Spark Notes 1 - Introduction, Ecosystem and WordCount

blairchen

Publish：Mar 30, 2024

Apache Spark is a unified analytics engine for large-scale data processing

1. Spark - Introduction

Year	Version	Main Features
2010	Spark_launched	Designed to solve the limitations of the MapReduce computing model.
2014	Spark 1.0	Introduced the Spark SQL module for structured data processing.
2016	Spark 2.0	Unified DataFrame and Dataset APIs.
2020	Spark 3.0	Introduced Adaptive Query Execution (AQE) and Dynamic Partition Pruning.
2023	Spark 3.5.0	SQL Functionality Enhancements; Introduction of the IDENTIFIER clause (SPARK-43205); Adding SQL functions to Scala, Python, and R APIs (SPARK-43907)
2024	Spark 3.5.1	(Details to be announced by the official release)

2. Spark - Ecosystem

Spark - Ecosystem

3. Spark vs Hadoop

Spark is an alternative to MapReduce and is compatible with distributed storage layers such as HDFS and Hive.

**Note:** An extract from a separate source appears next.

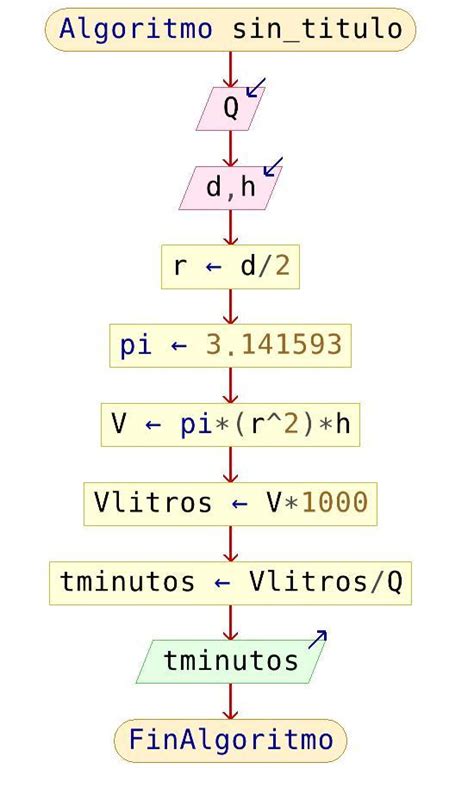 Hola buenas noches me podrían ayudar a resolver éstos diagramas de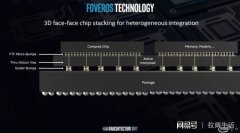 英特尔推出了新的Foveros3D芯片堆叠技术和10nmSun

Spark advantages as follows:

Aspect & Question	Spark	Hadoop MapReduce
How does it handle data processing?	Stores intermediate data in memory, reducing I/O overhead.	Writes to disk, increasing I/O overhead.
What is its fault tolerance mechanism?	Uses Resilient Distributed Datasets (RDDs) for fault tolerance.	Relies on data replication across the Hadoop Distributed File System (HDFS).

4. Spark - Quick Start

Spark is a computing framework that mainly uses HDFS as the persistence layer.

Spark

4.1 Spark-Shell

from pyspark import SparkConf, SparkContext
from operator import add
sc.version
lines = sc.textFile("/Users/blair/ghome/github/spark3.0/pyspark/spark-src/word_count.text", 2)

# 1. Filter rows containing "New York"
lines = lines.filter(lambda x: 'New York' in x)
# 2. Split lines into words
words = lines.flatMap(lambda x: x.split(' '))   #print(words.take(5))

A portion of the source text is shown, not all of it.